== TASK TO CARRY OUT ==
With the pictures excluded, output only the lines from the one containing "Photo of Fisher Imp 1712" through the last line of the entries, unchanged.

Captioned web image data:

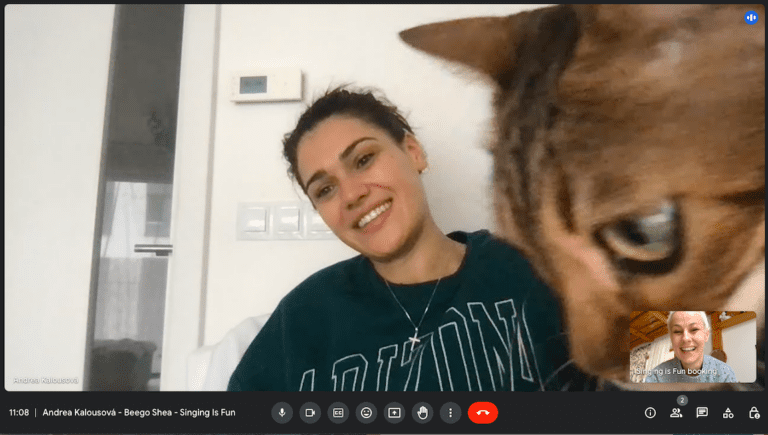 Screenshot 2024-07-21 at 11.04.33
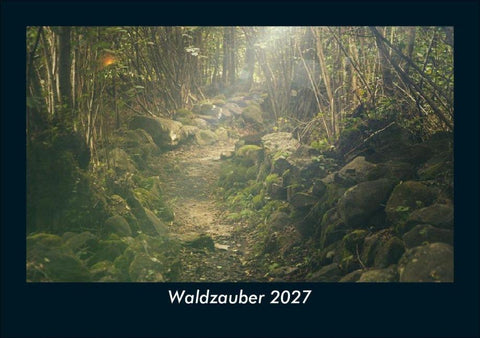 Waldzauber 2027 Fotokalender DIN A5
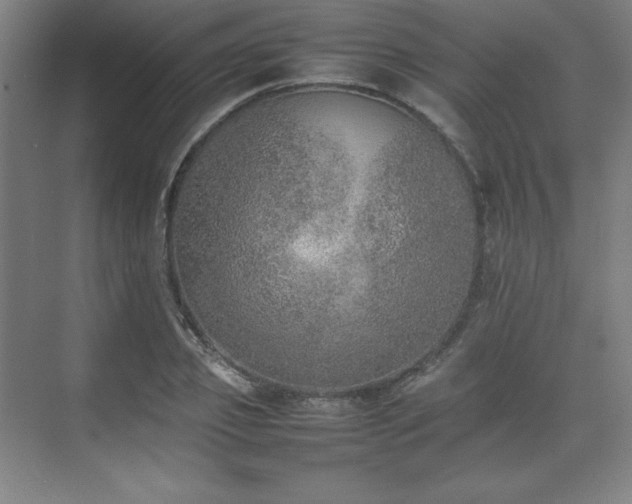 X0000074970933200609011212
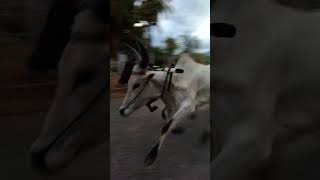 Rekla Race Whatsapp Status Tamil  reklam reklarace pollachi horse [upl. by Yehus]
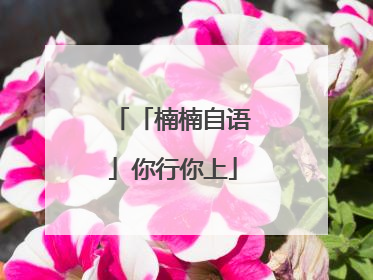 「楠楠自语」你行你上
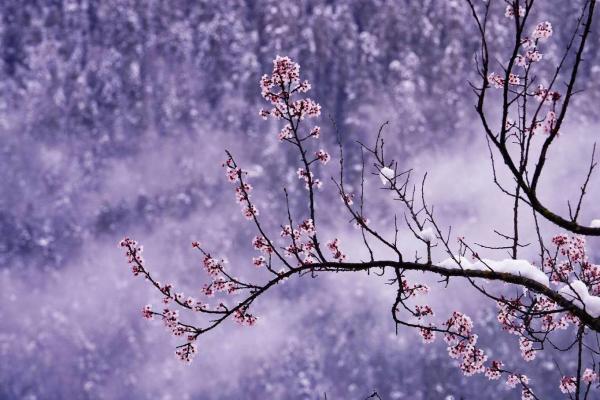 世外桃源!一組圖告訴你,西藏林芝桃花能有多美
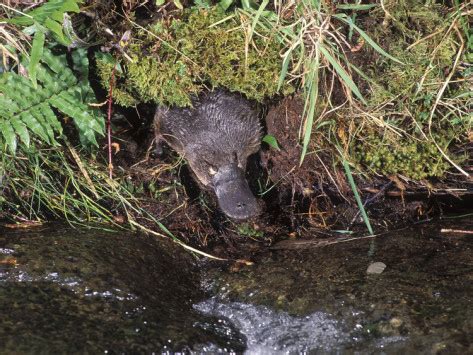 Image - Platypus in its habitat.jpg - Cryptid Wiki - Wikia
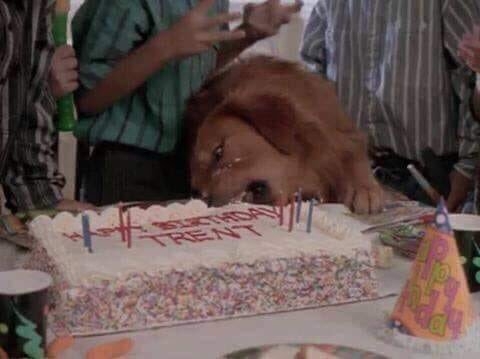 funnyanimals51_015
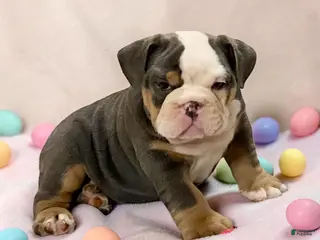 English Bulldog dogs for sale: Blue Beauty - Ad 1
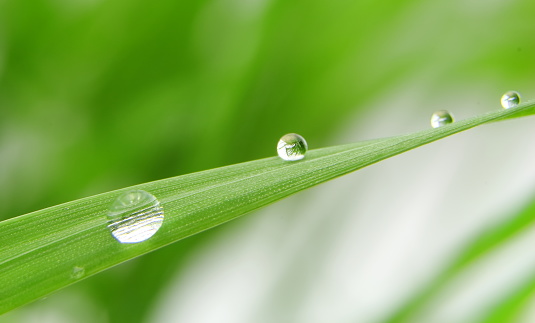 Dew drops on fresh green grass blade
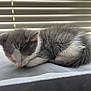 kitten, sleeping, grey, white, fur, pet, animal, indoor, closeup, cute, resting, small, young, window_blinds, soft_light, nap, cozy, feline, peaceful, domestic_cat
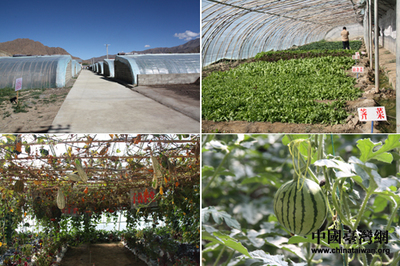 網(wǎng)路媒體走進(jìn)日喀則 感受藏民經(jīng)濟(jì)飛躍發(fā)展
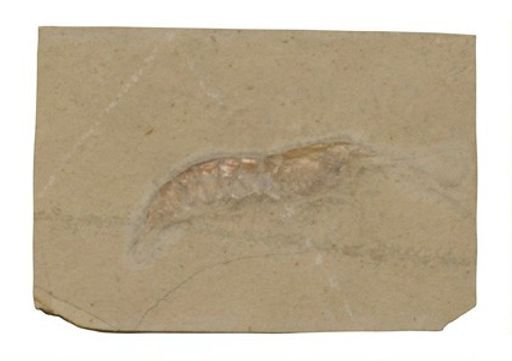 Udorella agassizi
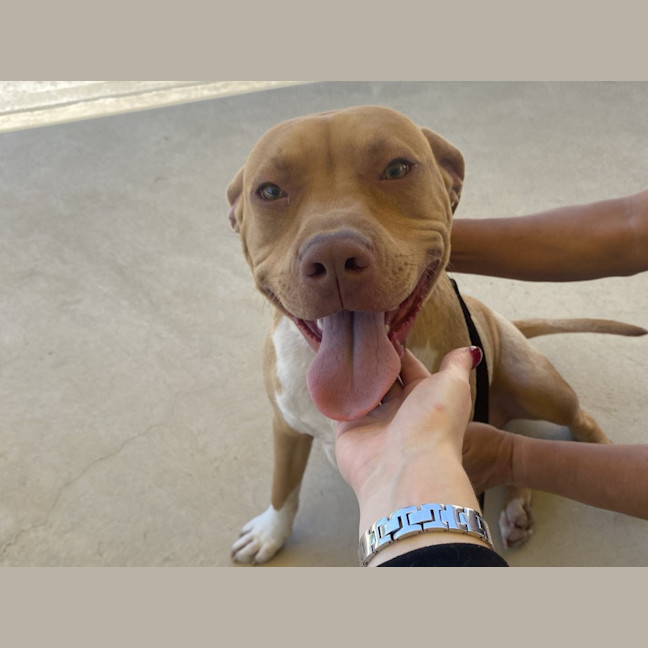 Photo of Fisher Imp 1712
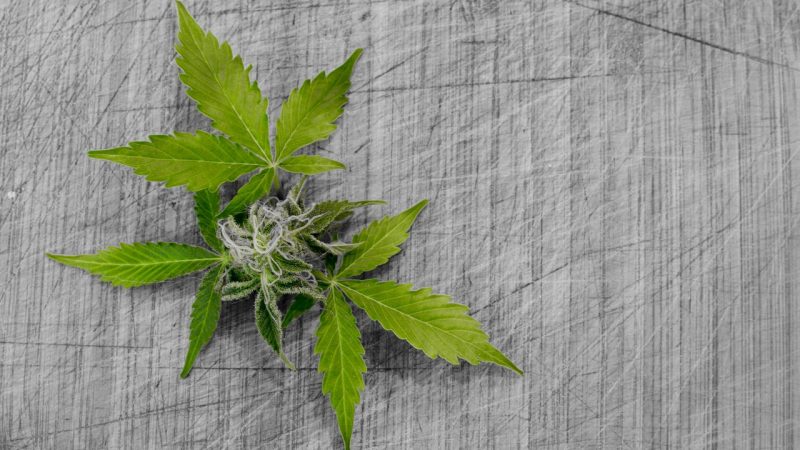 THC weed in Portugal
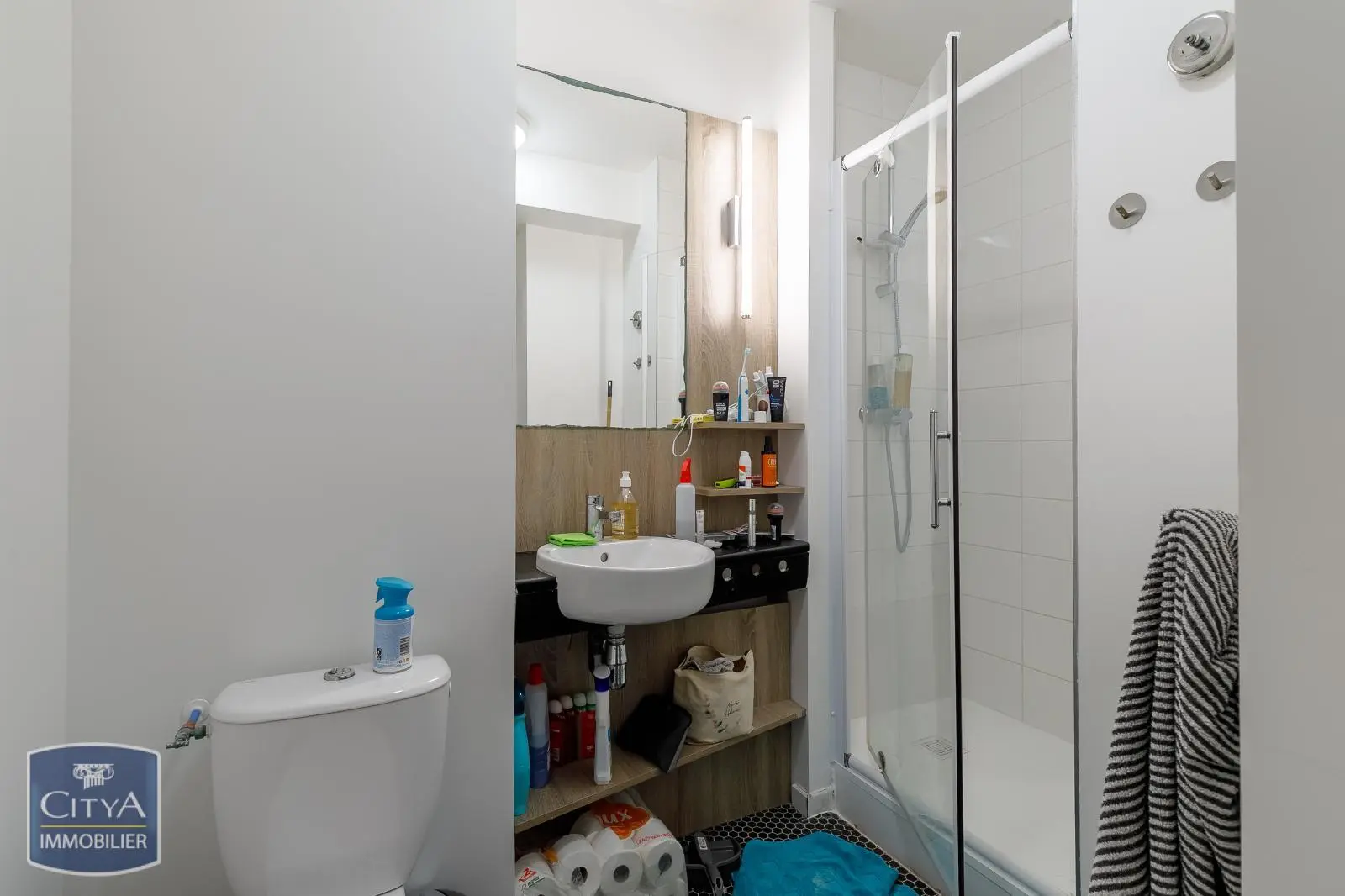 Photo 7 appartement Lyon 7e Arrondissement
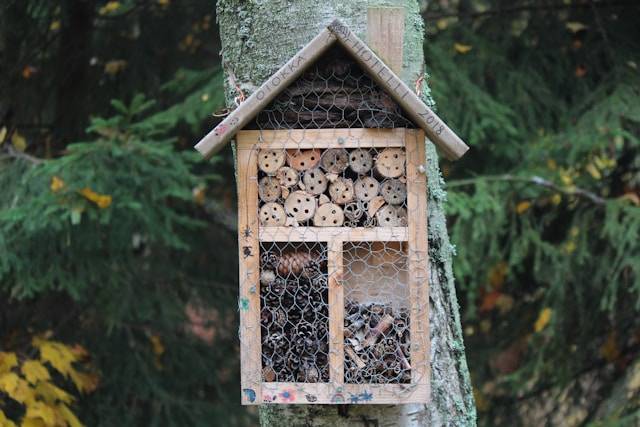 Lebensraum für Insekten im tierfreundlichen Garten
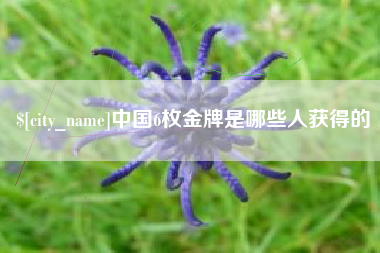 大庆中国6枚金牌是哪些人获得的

== EXERCISE SOLUTION ==
 Photo of Fisher Imp 1712
 THC weed in Portugal
 Photo 7 appartement Lyon 7e Arrondissement
 Lebensraum für Insekten im tierfreundlichen Garten
 大庆中国6枚金牌是哪些人获得的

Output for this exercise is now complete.